Imitators and optimizers in a changing environment

https://doi.org/10.1016/j.jedc.2007.06.001Get rights and content

Abstract

We analyze the repeated interaction between an imitating and a myopically optimizing player in an otherwise symmetric environment of changing marginal payoff. Focusing on finite irreducible environments and the case of strategic substitutes, we unfold a trade-off between the degree of interaction and the size of environmental shocks. The optimizer outperforms the imitator if interaction is weak or shocks are large. As to the case of duopoly, this translates into small cross-price elasticities or large shocks in marginal cost and/or the maximum willingness to pay. In these cases, a changing environment creates selection pressure against imitative behavior.

Introduction

The purpose of this paper is to analyze which type of behavioral rule, imitation or myopic optimization, earns highest payoff in submodular games with randomly perturbed marginal payoffs. Our motivation for looking into this issue comes from the fact that the evolutionary literature has shown that more sophisticated optimizers are often outperformed by less sophisticated imitators (Conlisk, 1980, Droste et al., 2002, Schipper, 2001). Particularly, imitators earn strictly higher payoff in submodular (or Cournot type) games if interaction takes place in a stable environment. In this case the imitation rule works like a commitment device, inducing the imitator to bring higher quantities to the market, thus leading to higher relative payoff.
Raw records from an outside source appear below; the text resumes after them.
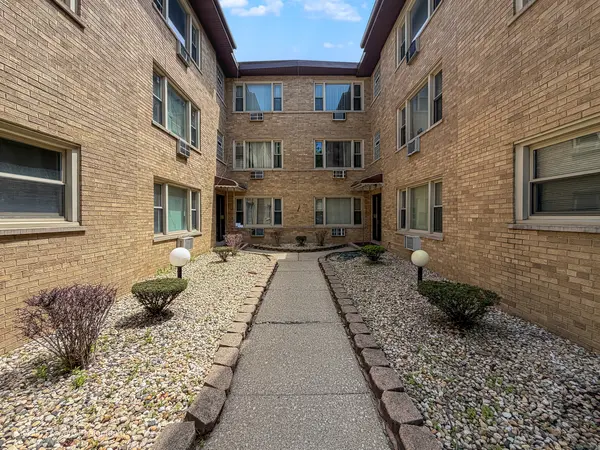 6945 S Chappel AVE #3A, Chicago, IL 60649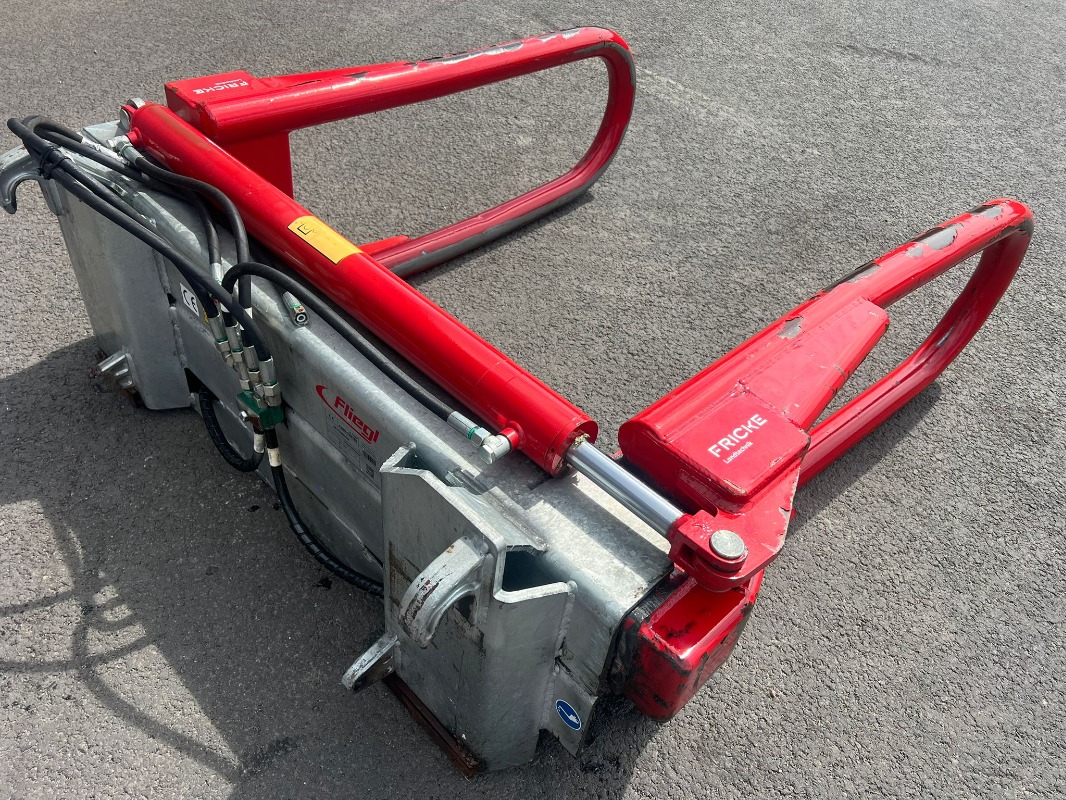 Fliegl Quaderballenzange - Bagger + Lader - Sonstiges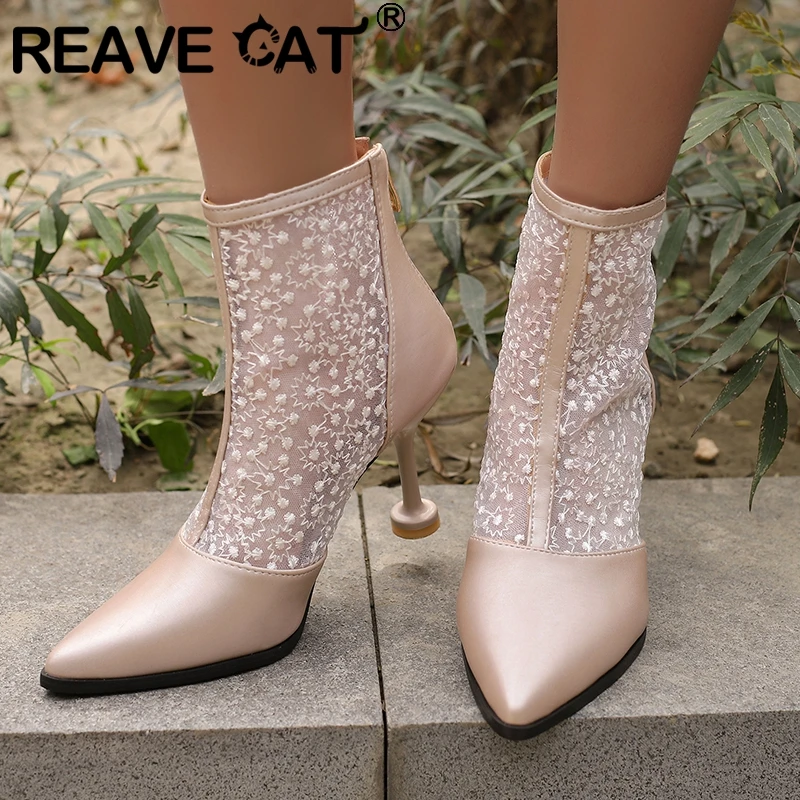 

Женские ботильоны с острым носком REAVE CAT, летние полусапожки из дышащей сетки на тонком каблуке, размеры 45, 46, 47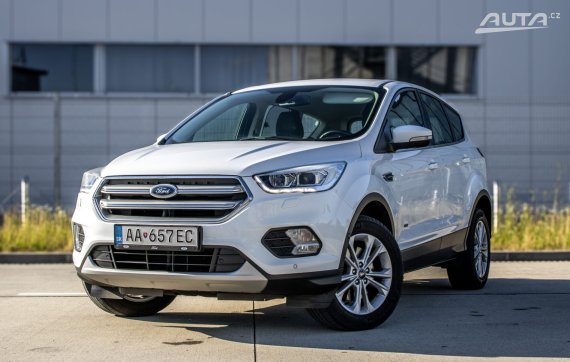 Ford Kuga 1.5 EcoBoost 182k Titanium AWD 134kW182HP / AJ NA SPLÁTKY / PROTIÚČET 2019 - hlavní pohled
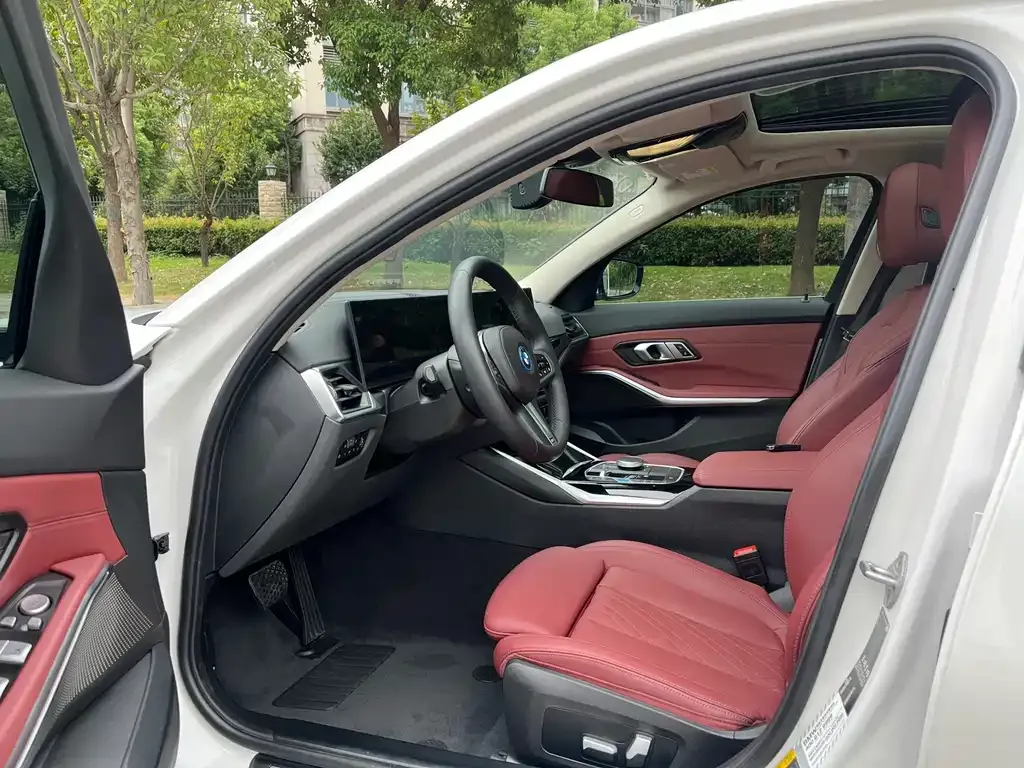 BMW i3 — фото 3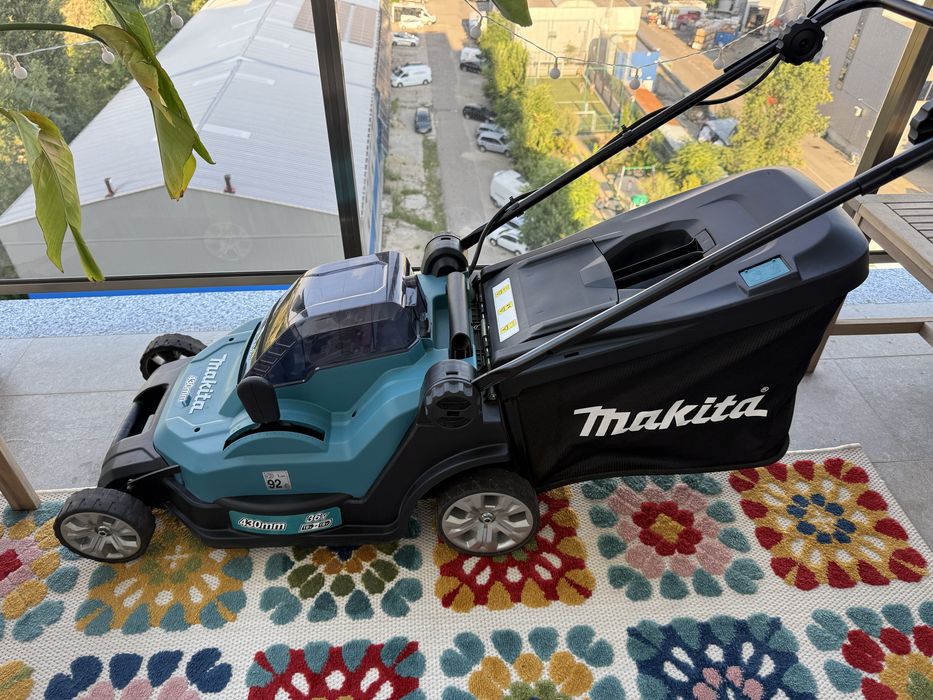 Masina de tuns iarba Makita, tip DLM432Z (compatibila cu acumulatori 2x18V)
Presuming a stable environment is a strong assumption. First, cost and/or demand conditions normally change over the business cycle. In that sense, the models referred to above, make an unrealistic assumption. Second, stability implicitly builds in an advantage of imitative behavior. Within an environment of changing demand or cost conditions, imitation becomes a more risky behavioral rule. For instance, an imitator might mimic a firm producing a high quantity last period, not taking into account that demand is lower in the current period. Whenever this leads to a market price below average cost, the imitator will incur lower payoff than an optimizer, who will produce a lower quantity because of reduced demand.

In this paper, we consider a two-player symmetric game. To introduce a changing environment we assume that marginal payoff follows an exogenous and stationary Markov chain on a finite environmental state space. One player, the optimizer, always adapts the myopic best reply to his rival's previous action, given the current state. The imitator, copies whichever action earned highest payoff in the previous period. Unlike other papers in the evolutionary literature, we add no noise to the players’ actions.

There are two channels of interaction between the two behavioral rules. First, the degree of interaction (measured by the slope of the best-response function) determines how strongly the optimizer will respond to a change in the imitator's quantity. Second, the size of environmental shocks decides how costly it would be for an optimizer not to adjust to the actual state of the environment. This trade-off is reflected in our main result, Theorem 3.3, according to which the optimizer earns strictly higher expected payoff in the long run if interaction is weak or environmental shocks are large.

The intuition can be understood by considering the limit where the degree of interaction is zero. In this limit, both players will act like independent monopolists, serving separate but identical markets. The myopic optimizer will always choose a monopolist's payoff-maximizing quantity while the imitator will mimic the optimizer's previous quantity. Obviously, the imitator will always earn strictly lower relative payoff whenever the environment has changed, since a different environmental state implies a different monopoly quantity. Thus, for some given set of environmental states, the optimizer will be better off, whenever interaction is sufficiently weak. The picture becomes blurred when we address the reverse question. It is not at all clear whether there exists an environment for any degree of interaction such that the optimizer outperforms the imitator. To tackle this problem, we provide an upper boundary on the degree of interaction such that for all lower degrees the question can be answered in the positive.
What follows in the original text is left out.